Судя по объявлениям в "Нашей стране", деятельность этого комитета по-видимому, в немалой степени благодаря г-ну Альшанскому в последнее время значительно оживилась.

***

 

Если еврею из Советского Союза нынче минуло 50-55 лет, он почти наверняка участвовал в войне и является, таким образом, ветераном борьбы с нацизмом. И таких среди нас очень много.

Есть инвалиды войны, есть многократно раненные, многократно награждённые, проявившие ту или иную степень героизма. Все они заслуживают почёта и уважения, признательности и благодарности нашего народа.

Я лично, из естественного опасения оказаться несправедливым и незаслуженно обидеть или преувеличенно вознести кого-либо, воздержался бы от введения какой бы то ни было шкалы "градации воинских заслуг".

Тем более, что воинское звание в советской армии, количество полученных орденов и медалей не всегда являются надёжным мерилом ратной доблести. Я не уверен, например, что маршал Брежнев или генерал Драгунский, увешанные ниже пупа "правительственными наградами", проявили больше мужества и отваги, чем какой-нибудь отставной сержант Хаймович, у которого "всего-то" два ордена Славы и которого честный, но наивный командир так настойчиво и безуспешно представлял к Герою.

Естественно, что после победы над Германией огромное большинство боевых офицеров было уволено в запас. Они стали рабочими и инженерами, учителями или завхозами, художниками или агрономами... Но всем им дорого боевое прошлое, и все они для нас – ветераны войны с нацизмом.

Не многие из них часто люди "без мирной профессии" − остались в кадрах советской армии (кстати, евреев сейчас среди них почти нет).
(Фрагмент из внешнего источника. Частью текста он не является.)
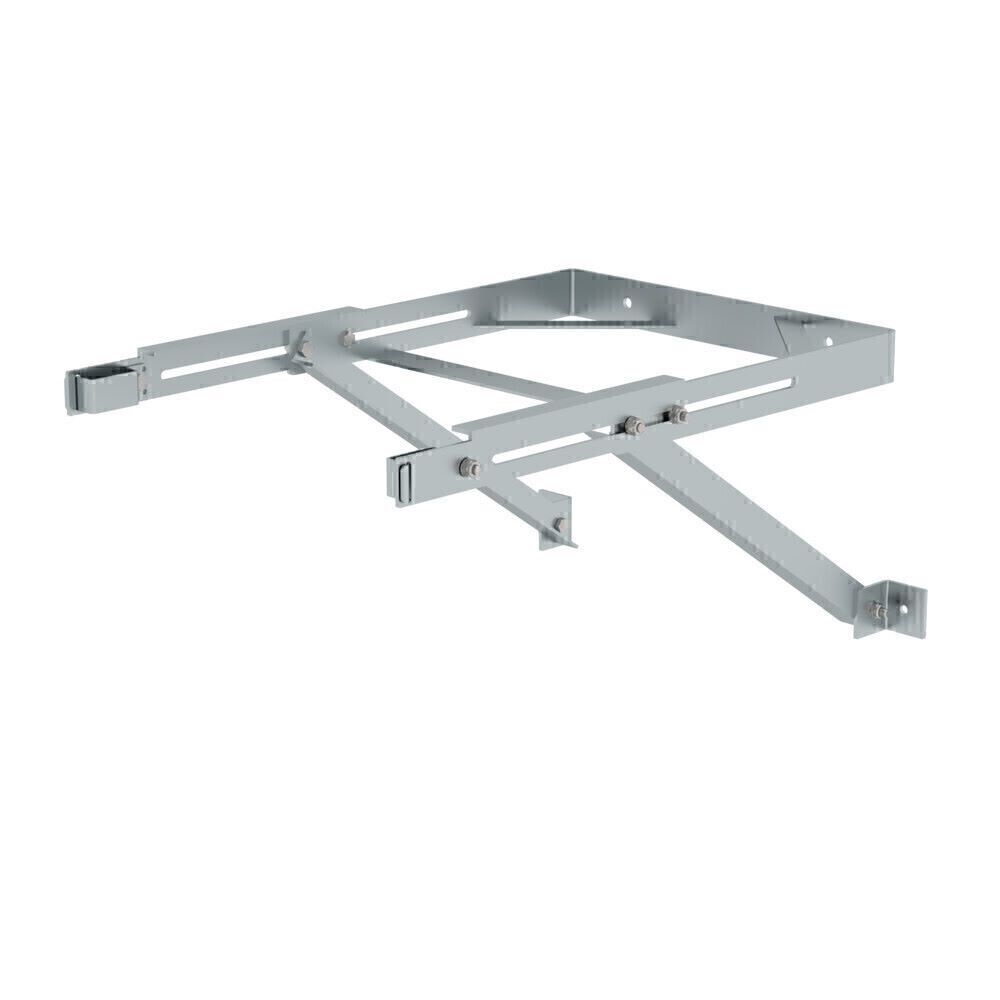 Produktbild Munk Wandhalter U-Bügel verstellbar 550-750mm Stahl verzinkt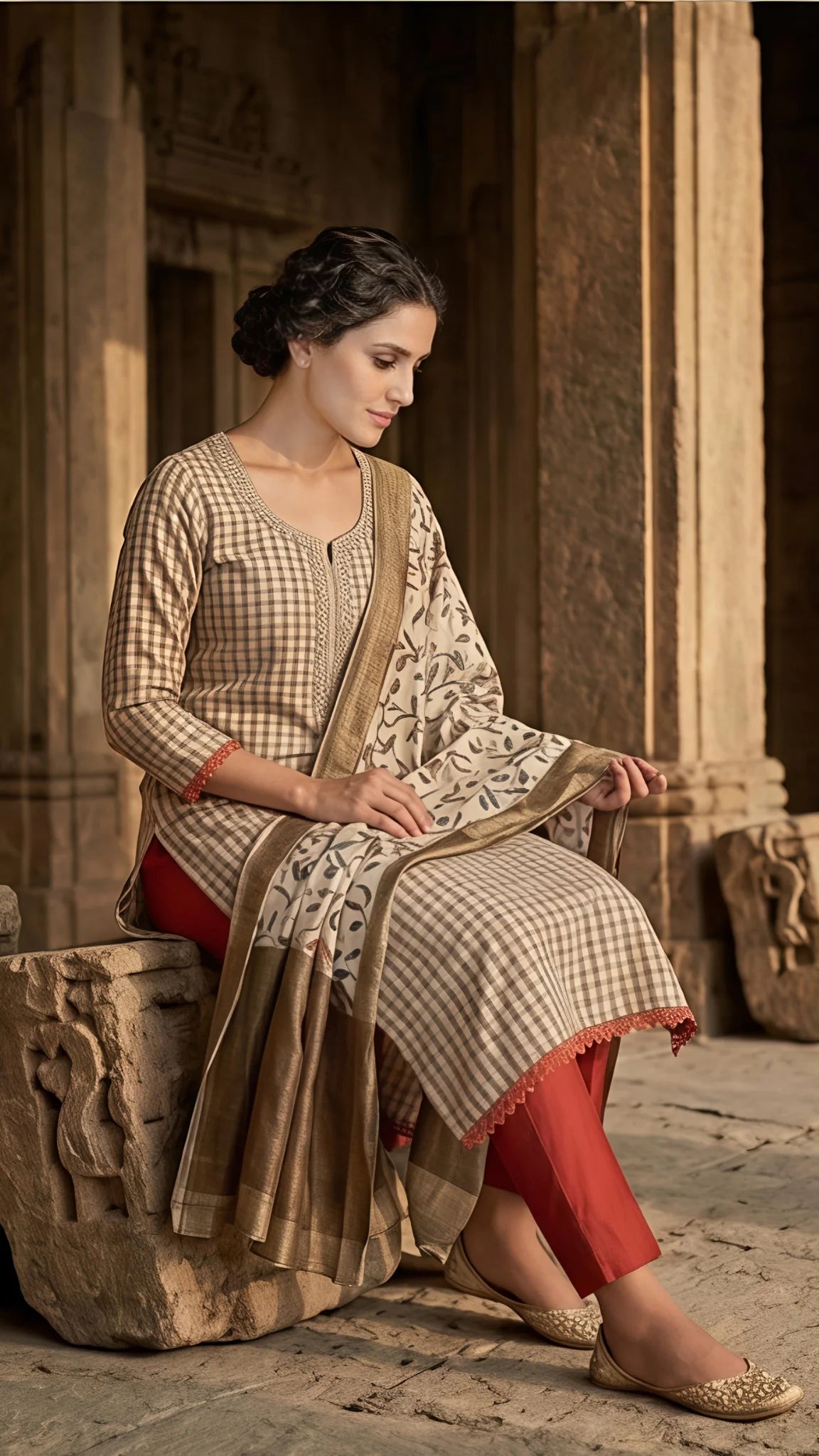 Rustic Bloom Elegance Suit Set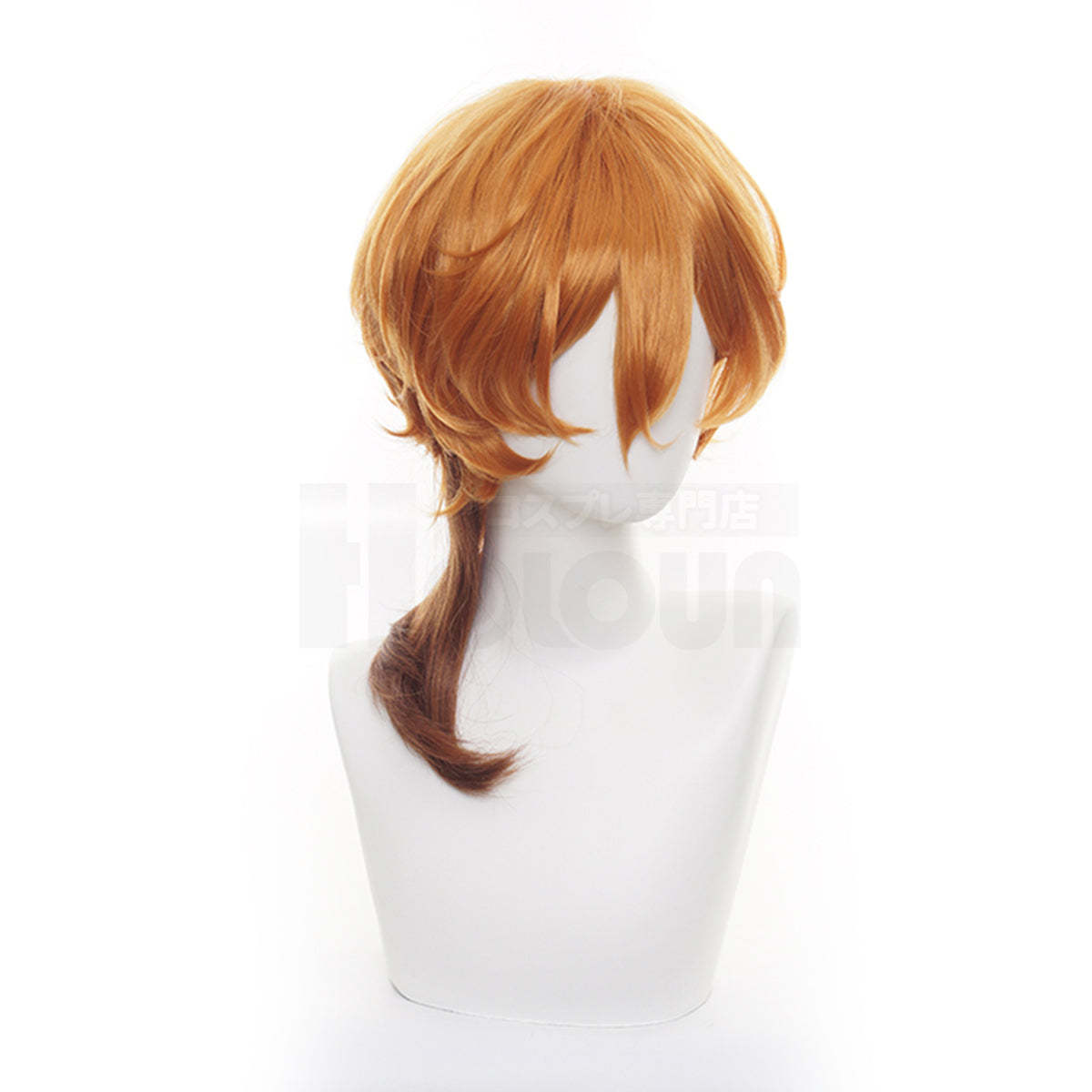 HOLOUN Bungo Anime Nakahara Chuuya Cosplay Costume Wig Oversize Lining Coat Elastic Pants Shirt Vest Hat Gloves Choker Daily Wearing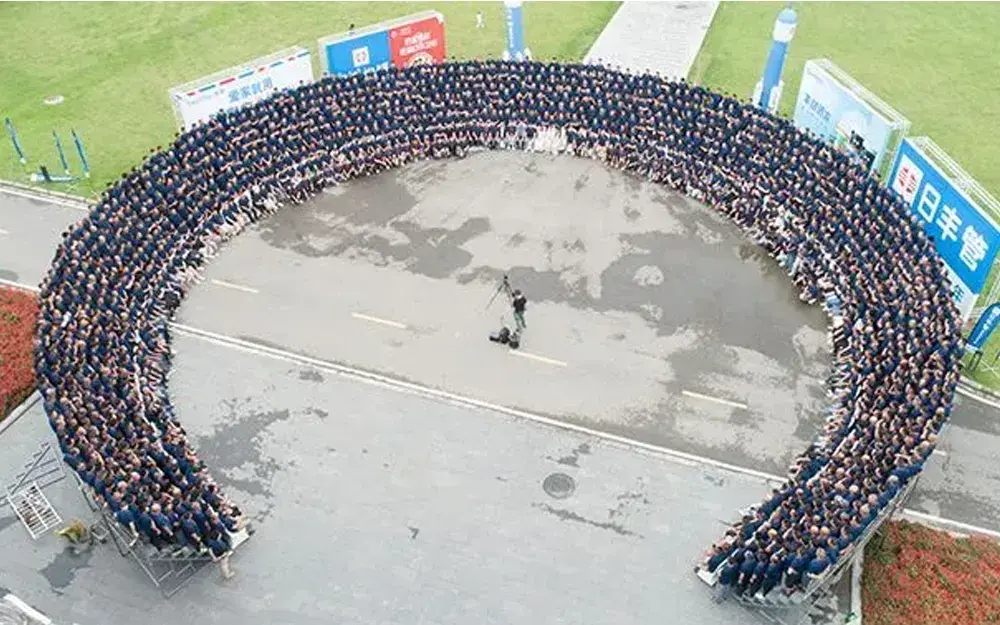 Site de prise de vue pour les groupes de conférence à grande échelle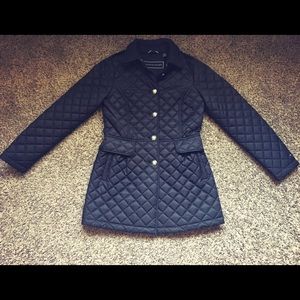 Tommy Hilfiger Quilted Coat with Removable Hood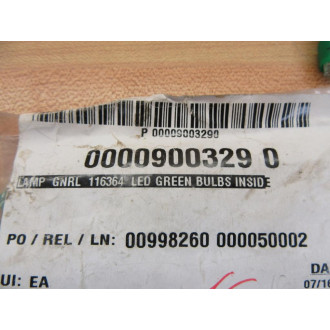 Generic P00009003290 LED Light Bulb Green (Pack of 12)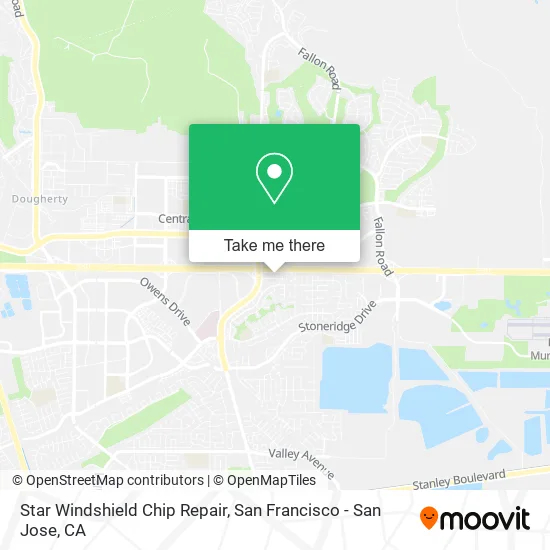 Star Windshield Chip Repair map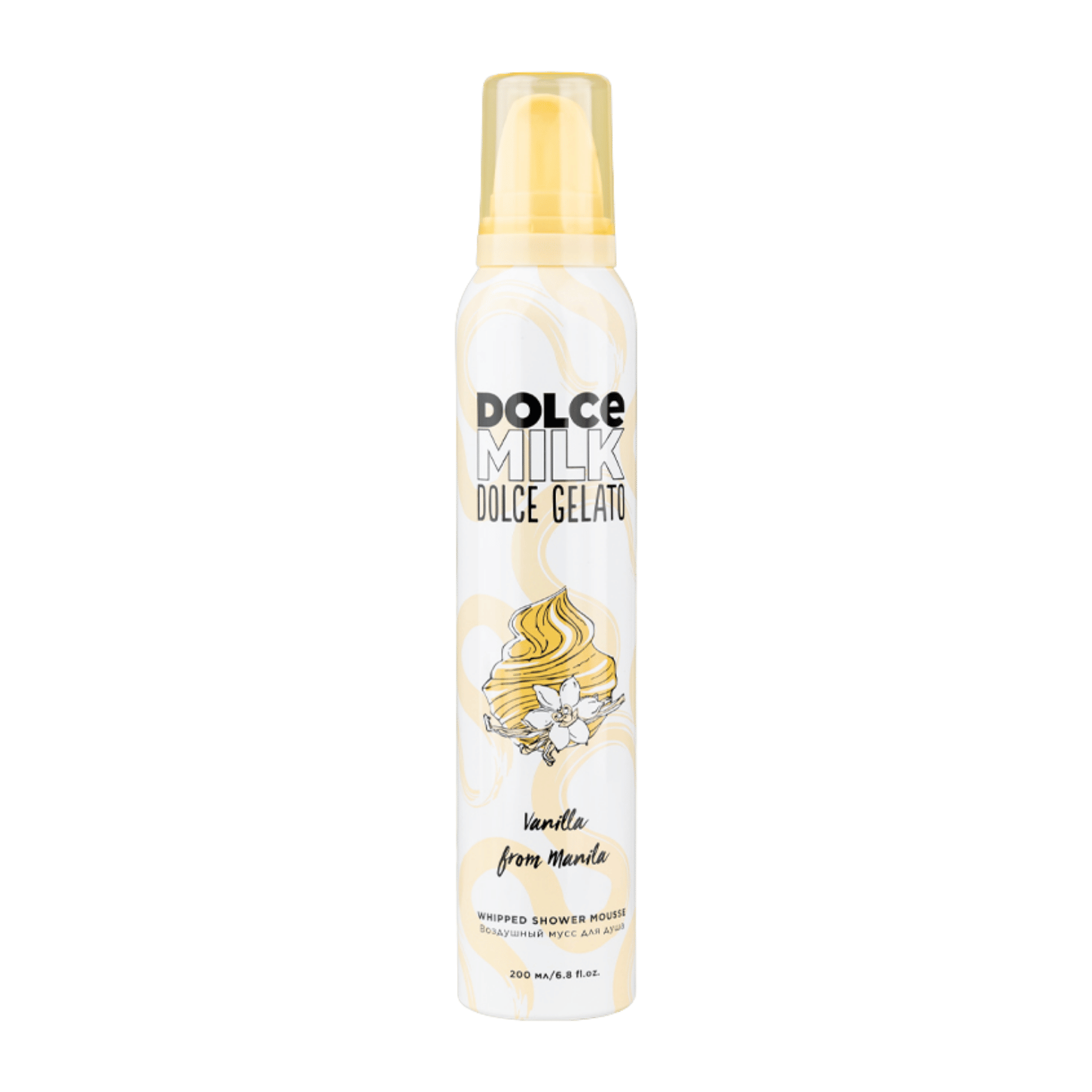 DOLCE MILK Vanilla From Manila Whipped Shower Mousse – Vitamin-Enriched Body Cleanser, 200 ml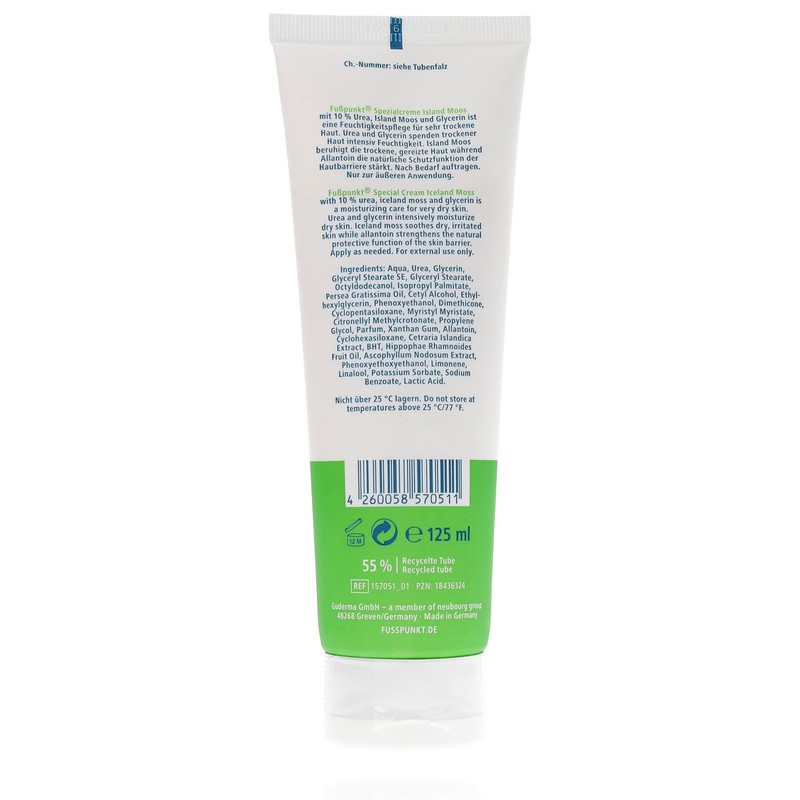 Fußpunkt Island Moss Special Cream Moisturiser for Very Dry Skin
Эти "кадровики" стали профессиональными военными, а точнее военными чиновниками, поскольку Россия не воюет уже более тридцати лет. Им продолжали присваивать очередные воинские звания, регулярно награждать орденами и медалями: за выслугу лет и в честь знаменательных дат. Постепенно они уходят на пенсию, их вытесняют молодые офицеры с высшим военным и техническим образованием те самые шустрые лейтенанты, которые пустили в обиход хлёсткое определение: "Полковник – это выживший из ума подполковник".

Конечно, не все кадровые офицеры посредственности: есть среди них и блестящие специалисты, каким был, например, мой земляк, светлой памяти Файвл Давидович, дорогой сын еврейского народа и бесстрашный борец против советского антисемитизма.

Но мне и беру на себя такую смелость всему еврейскому народу Давидович не был бы менее дорог, если бы последние тридцать лет вместо службы в советской армии он работал учителем или экономистом. Так же, как в биографии Йосэфа Трумпельдора отнюдь не самым главным является то, до какого воинского звания он дослужился в России.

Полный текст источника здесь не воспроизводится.